Sandboxing JavaScript Code

I've been enjoying playing around on Val Town lately. Val Town can be described a few ways; a cloud scripting site, a runnable github gists, or end-programmer programming. I first came across it in a Show HN thread.

A "val" is a JavaScript/TypeScript function or value that runs on our servers. We aim to get you from idea to running code in seconds: type code, run it, get its API endpoint, schedule it - all from the browser, in a couple keystrokes.

You can do cute stuff like email yourself with console.email and call other people's scripts with @yourFriend.bar(). Here's a screenshot of me composing a val with autocomplete showing someone else's utility function — it can be auto-completed with Enter or followed with Command+Click like navigating a code base.

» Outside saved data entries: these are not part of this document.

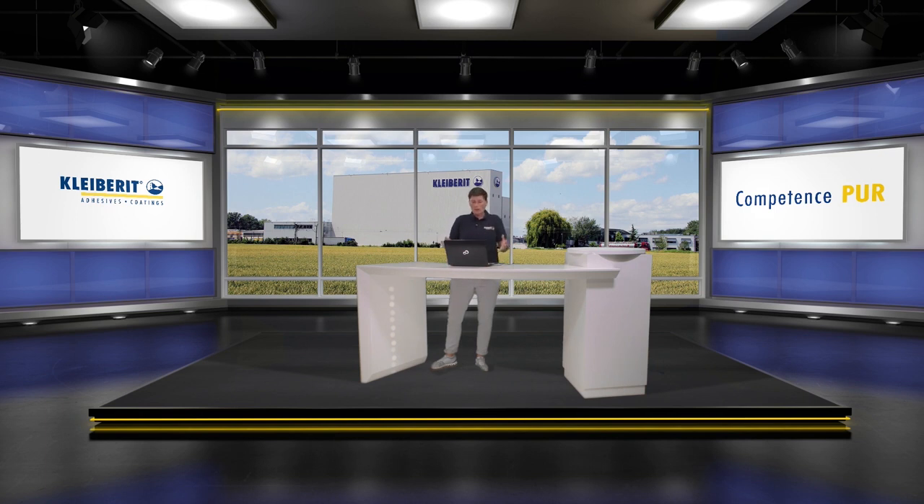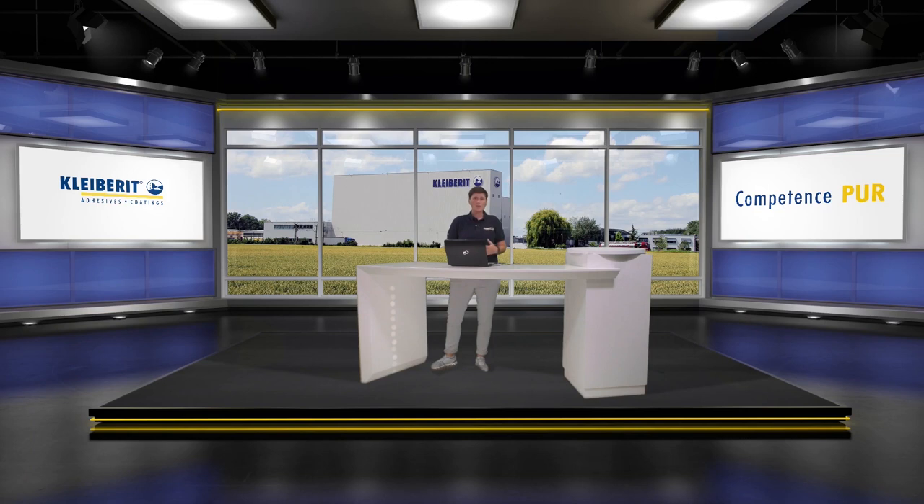Let me summarize the most important key facts of Gleiberit 736.2. It is a completely isocyanate-free system. It is chemically reactive. No labeling is required. It runs on existing systems, so no investment is necessary. There is a significant minimization of health risk for employees. Due to the lower processing temperature, you can save energy, and no CO2 is released during chemical cross-linking — meaning no risk of bubbling.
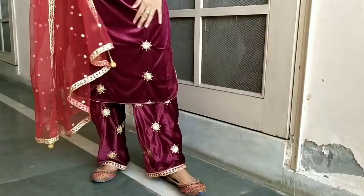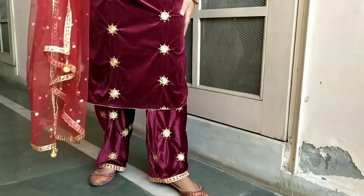If you like this video, please like, subscribe, and hit the bell button for the latest updates. Let's start the video. My first dress is in velvet fabric.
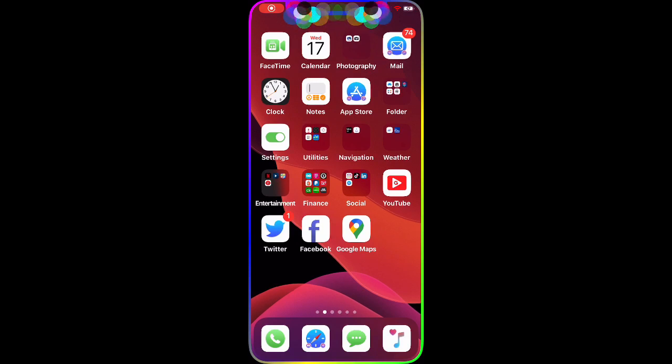Welcome to my channel. Today we're going to talk about something really awesome and handy — a tool you can use for your jailbroken device, whether it's an iPhone, iPod, or iPod Touch. This is really great news; I just came across this brand new tweak that just got dropped today.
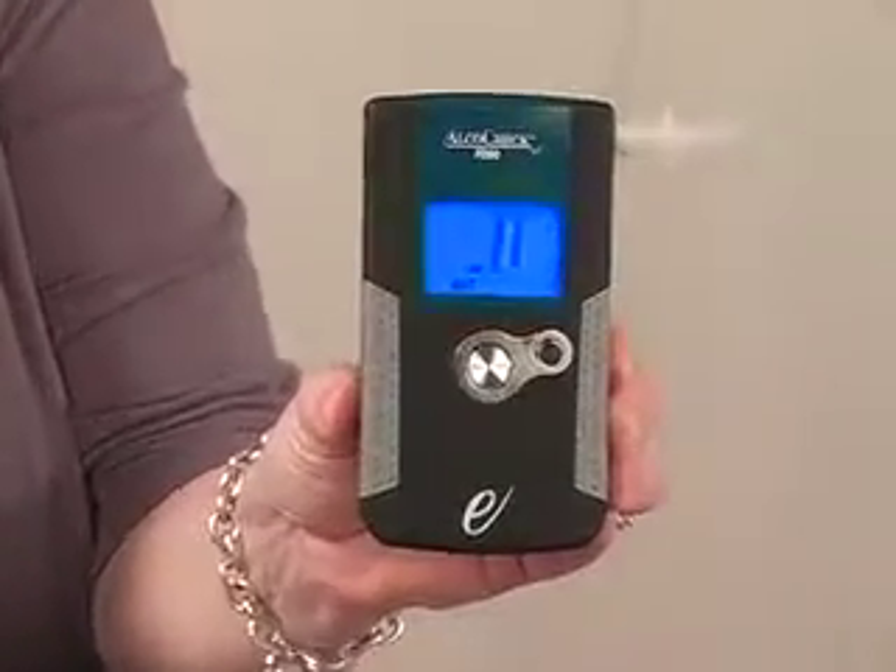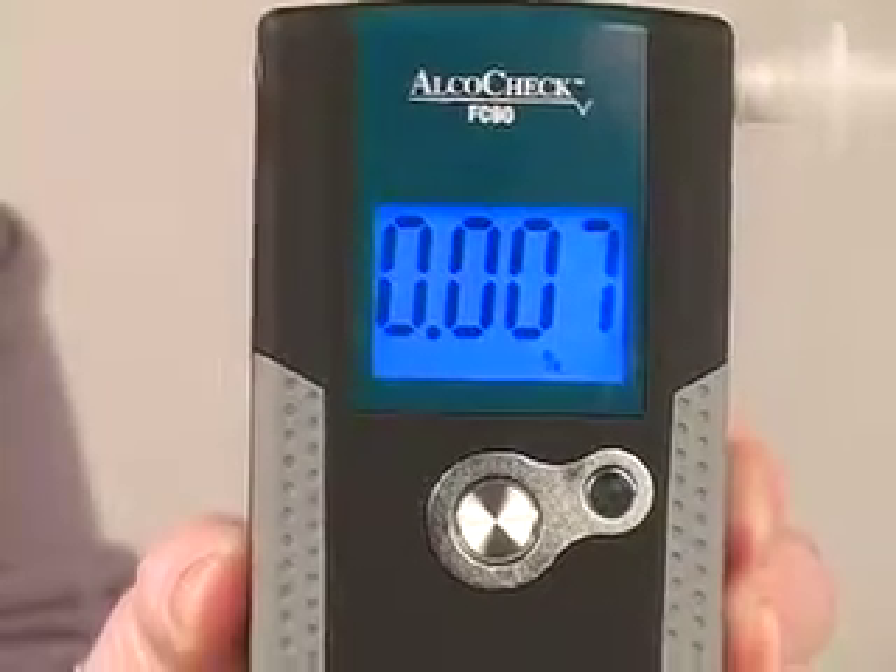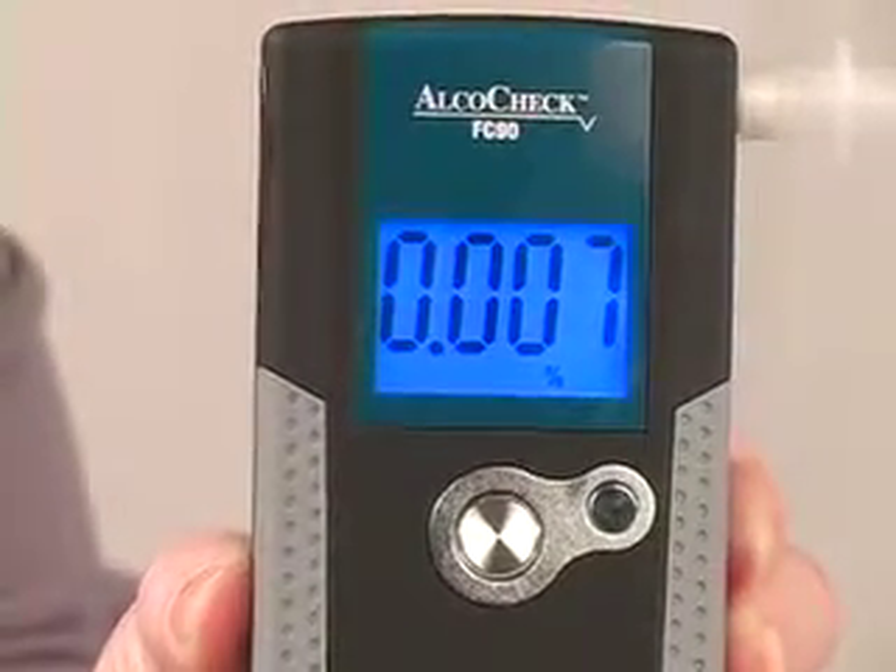The donor hands the device back to the administrator. A zero flashes on the screen while the test runs. The result displays for approximately 15 seconds.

Playing around on Val Town, and writing a few small vals, got me thinking about how this stuff works — how they run my code on their server securely. The answer is sandboxing (also see: workload isolation).

Sandboxing is a technique of isolating the execution environment of the code, so that malicious code can't access sensitive information or harm the system. We're surrounded by sandboxes, really. You're reading this in a web browser which itself is a sandbox. If you're on an iPhone, that browser is wrapped with Apple's App Sandbox, and then layers of iOS sandboxes after that. It's sandboxes all the way down.

The sandbox that Val Town ~~currently~~ used to use is vm2 which runs untrusted code in the same process as the parent program. User-supplied code is transformed and evaluated in a locked down section of the same JavaScript environment. You can't submit process.exit(0) and kill the server but you could find a new vm2 security bug (here's an example) and remotely execute code within the parent program.

~~Per a recent newsletter, Val Town are moving to a more secure runtime soon.~~ Val Town are now using their Deno runtime.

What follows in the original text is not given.